The wind dropped about 10pm and we enjoyed one of the most perfect night watches with a fantastic full moon with us throughout. We were amazed to hear people on the VHF radio from the other side of the sea and recognised some boat names. We heard the names Heavy Metal and Cat2Fold both of which we have caught up with several times over the last few months. A little later we were quite disappointed to hear of a pot luck in Ramona Cove, it sounded like a great party but we were over 100 miles away! We also heard Lungta on the Sonrisa net following us up the coast a couple of days behind. We had met them in Nuevo Vallarta when we had had an impromptu sundowners party on Fantasia and e-mailed them from Topolobampo to give them our anchoring coordinates. We hope to catch up with them in a day or so when they expect to arrive in Guaymas.
The following day the wind had dropped and we had flat calm all morning during which we saw the largest pod of dolphins we have ever seen. There were hundreds and hundreds of them and we managed to get some great pictures as well as some film as they swam, leapt and dived right across in front of us. I think both of us would agree that it is the natural surprises that make every day so special in Mexico.
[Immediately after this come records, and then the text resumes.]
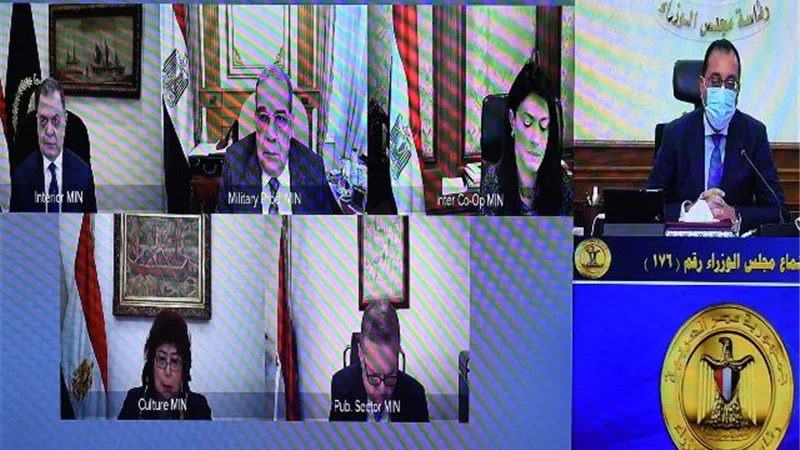 مجلس الوزراء يوافق على إنشاء جامعتى 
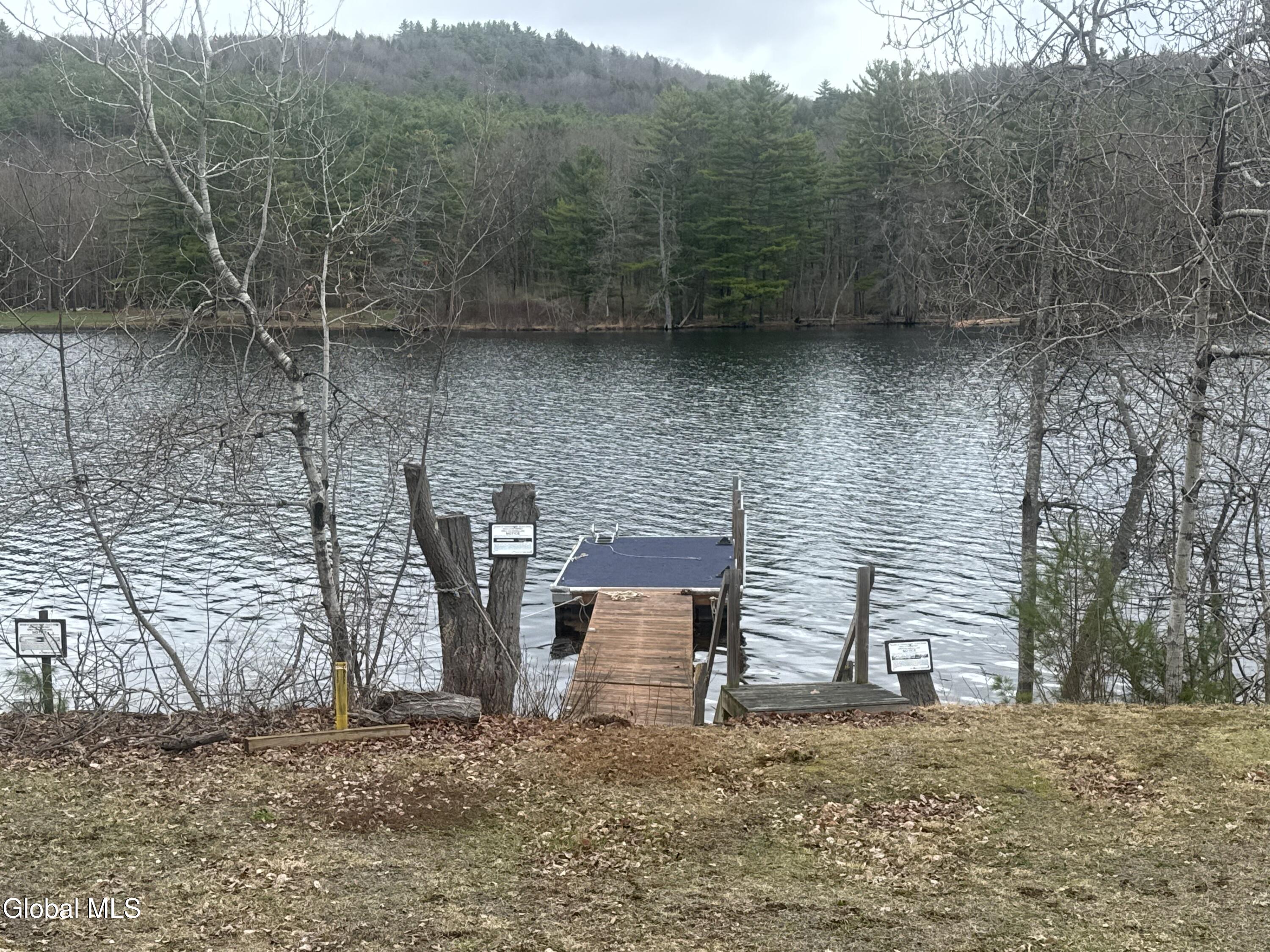 112 Gifford Valley Road Northampton, NY 12134 - Photo 40 of 45 Photo of Dock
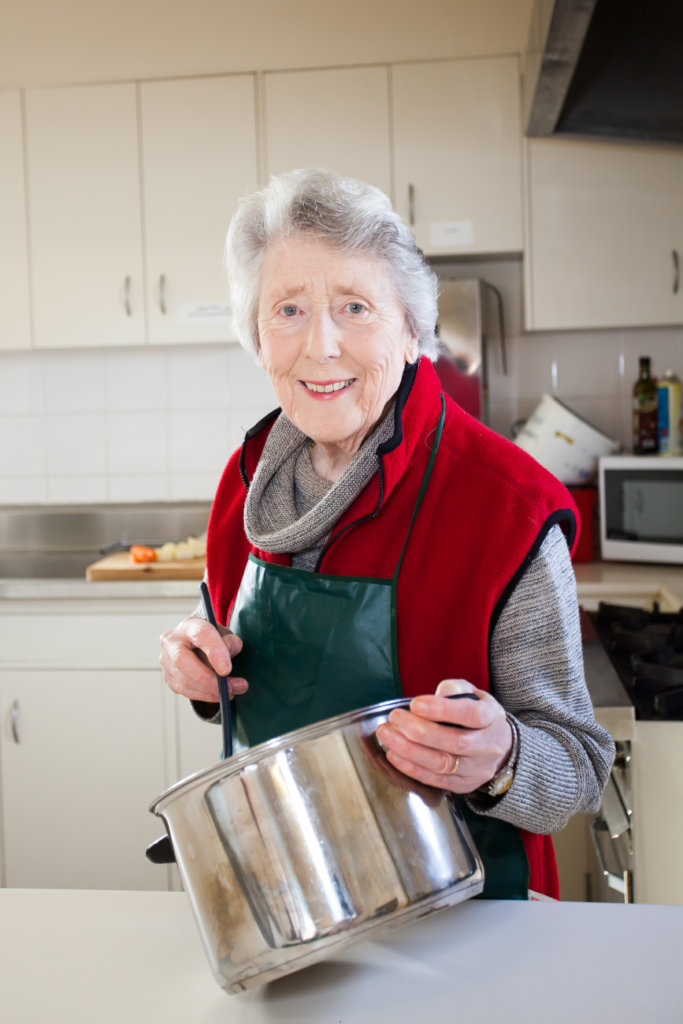 Feed Geelong:  Accessing food during COVID-19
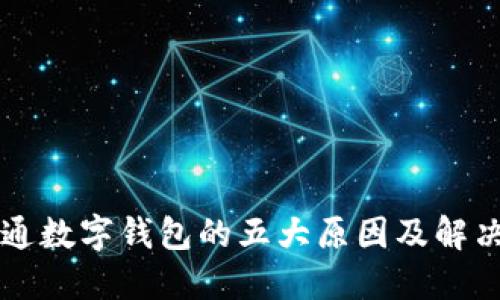 未开通数字钱包的五大原因及解决方案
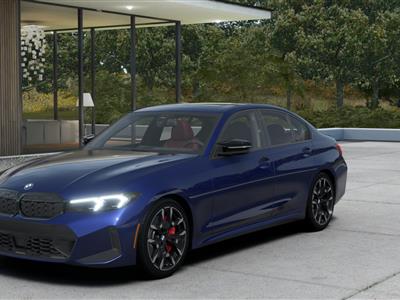 2025 BMW 3 Series lease in Rego Park,NY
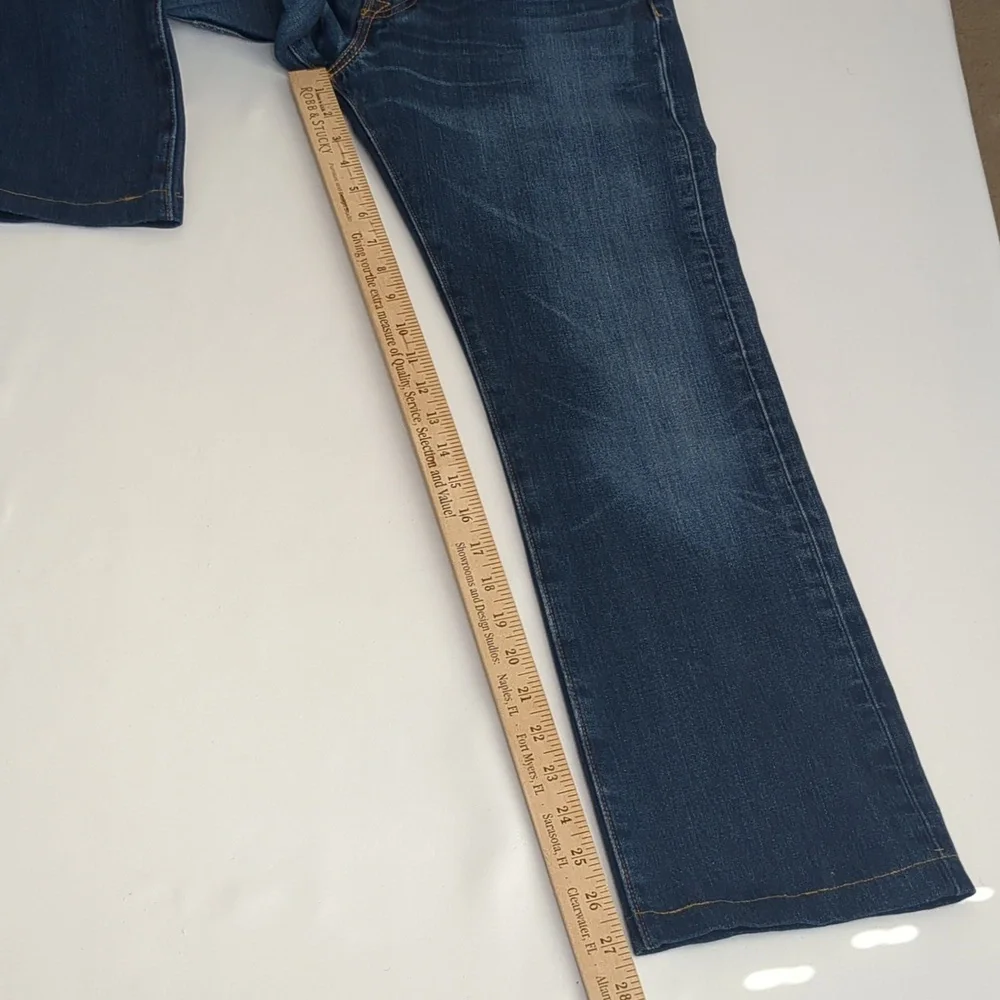 Levis 501 Japanese Made Button Fly Jean Sz 28
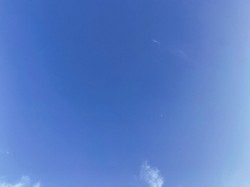 over my head
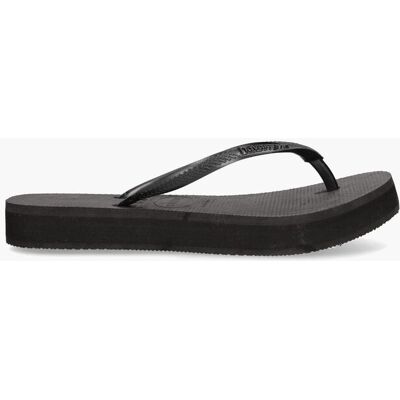 Havaianas Slim Flatform Zwart 38 female Havaianas Slim Flatform Zwart 38 female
The afternoon breeze eventually kicked in and by the time we could see the entrance to Guaymas harbour we were being headed by 20 knots from the north west. With a short choppy sea our movement was as much up and down as forward and we decided to take in the sails and motor the last few miles. Rather than go right into the harbour we chose to anchor in Catalina Cove where we had dragged anchor nearly six months before. Whilst in La Cruz we had managed to obtain a 75 lb anchor for coconuts to replace the 60 lb CQR which we have never quite been able to trust. With 75 lbs of steel and substantially more than the recommended amount of half inch chain on the bottom we are a lot happier and Fantasia did not move an inch this time.
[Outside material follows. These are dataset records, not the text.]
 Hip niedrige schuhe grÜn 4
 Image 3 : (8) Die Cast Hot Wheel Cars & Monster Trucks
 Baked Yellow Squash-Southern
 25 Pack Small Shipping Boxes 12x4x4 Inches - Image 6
Back in Catalina Cove we listened to the morning Sonrisa net and heard of a yacht called Jazz en route between Bandaras Bay and Mazatlan that had put out a distress call and was thought to have gone aground. We recognised the boat name after hearing it the radio while we were in La Cruz. No further information was available and we have been thinking about the single hander all day unsure as to whether anyone responded to his distress call. Here in Mexico you cannot take it for granted that if you press the red button you will alert the rescue services.
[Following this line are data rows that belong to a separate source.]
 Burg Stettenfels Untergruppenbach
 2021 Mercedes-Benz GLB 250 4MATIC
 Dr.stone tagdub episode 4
It is no mean feat to make a journey such as the one we have just completed. Relatively few boats make the trip of over 550 miles between Bandaras Bay and Guaymas along the Mexican mainland coast. There are few places to stop and many of the anchorages would be foolhardy to attempt at night. In many instances the charts are inaccurate and even where the information is more up to date, moving shoals and sandbanks can mean it is unsafe to enter a harbour without research. Shoals extend up to 5 miles offshore and we have seen standing waves offshore where the water is very shallow. Long lines also extend several miles out and have proved a menace for many cruising boats when they have got caught around a yacht's keel, rudder or prop. However, with a long keel and vicious rope cutter on our prop we are pretty confident that we can slip right over a line without mishap. We took advantage of a broad weather window and we had no plans to take chances with very limited rescue services. During our 5 days at sea we saw half a dozen shrimpers and no sailing yachts at all. It was an amazing trip which we have both really enjoyed. The plan is to sail around the corner another 17 miles to San Carlos where we are being hauled out before flying back to Europe to spend the summer at our house in France.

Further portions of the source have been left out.